Now the photo has a new champion, poet Daniela Gioseffi, and author of a new biographical novel about Dickinson. From the comments section of an article about her book she writes (with some light editing on my part – it needs more):
The foreword to my book Wild Nights, Wild Nights, The Story of Emily Dickinson’s Master (at http://www.Amazon. com and plainviewpress.com) explains exactly how I researched the photo to include it. There is no doubt in many Dickinson scholars’ minds that it is Emily Dickinson at thirty years, as the features match when sized against that old 17-year-old photo that every one knows above, when the images are sized alike and put one over the other. What many non-scholars of Dickinson who have not read as fully as I have do not understand is that the well-known photo of her was taken when she was a sickly 17-year-old just arisen from a sickbed. She herself in later years is described by those who saw her a bright-eyed, clear-skinned, attractive and womanly. Yes, she was diminutive all her life, but she described herseld as having “a gypsy face” and this photo fits her own description of herself that her sister Lavinia agreed with.

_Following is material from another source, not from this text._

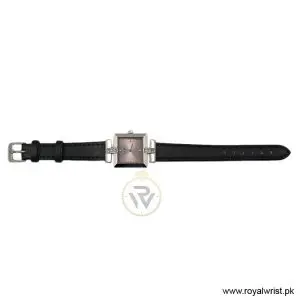 Elle Women’s Quartz Black Leather Strap Pink Dial 25mm Watch EL20028S05C/3 (Like New) - Image 4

I want the portrait to be true because I like it, and because it connects me, in an odd sort of way, with Janet Lewis. To admit such a biased and unscientific judgment in writing, however, risks my removal from a blog for the “world’s top thinkers.” I am in something of a quandary.
So let me throw in another red herring – the portrait at right that would date to about the 1850s. Its defense is here, and the image would appear to fit Emily’s self-description: “[I] am small, like the Wren, and my Hair is bold, like the Chestnut Bur – and my eyes, like the Sherry in the Glass, that the Guest leaves.”
And what about the new discovery above? According to Austin Allen, one of the world’s top thinkers over at BigThink:
Of the two women, Kate is the one with a thousand-yard stare. (She’d been recently widowed.) But look closer at her friend: there’s something peculiar about that gaze. The pupils are asymmetrical, as they are in the known photo—Emily may have suffered from both astigmatism and iritis—but they’re also large, dreamy, and a little amused. Dickinson once compared her eyes to “the Sherry in the Glass, that the Guest leaves”; the woman in the picture just about lives up to the simile. …
Look: the mystery woman has even thrown an arm around her friend, a gesture we can hardly imagine the Recluse of Amherst making. If she was on the cusp of crisis, it doesn’t show yet. In my heart of hearts I doubt it’s Emily—that chin just doesn’t match up—but pending further reports on clothing samples, image records, nasolabial folds, etc., I’ll keep believing and disbelieving at once, which, as Emily said, “keeps Believing nimble.”
At least I’ve recovered the photo of “my Emily” at last.
Postscript on 9/5: Some nice pick-up from the Poetry Foundation here. I’m not only a W.T.T., but an “amateur sleuth” as well.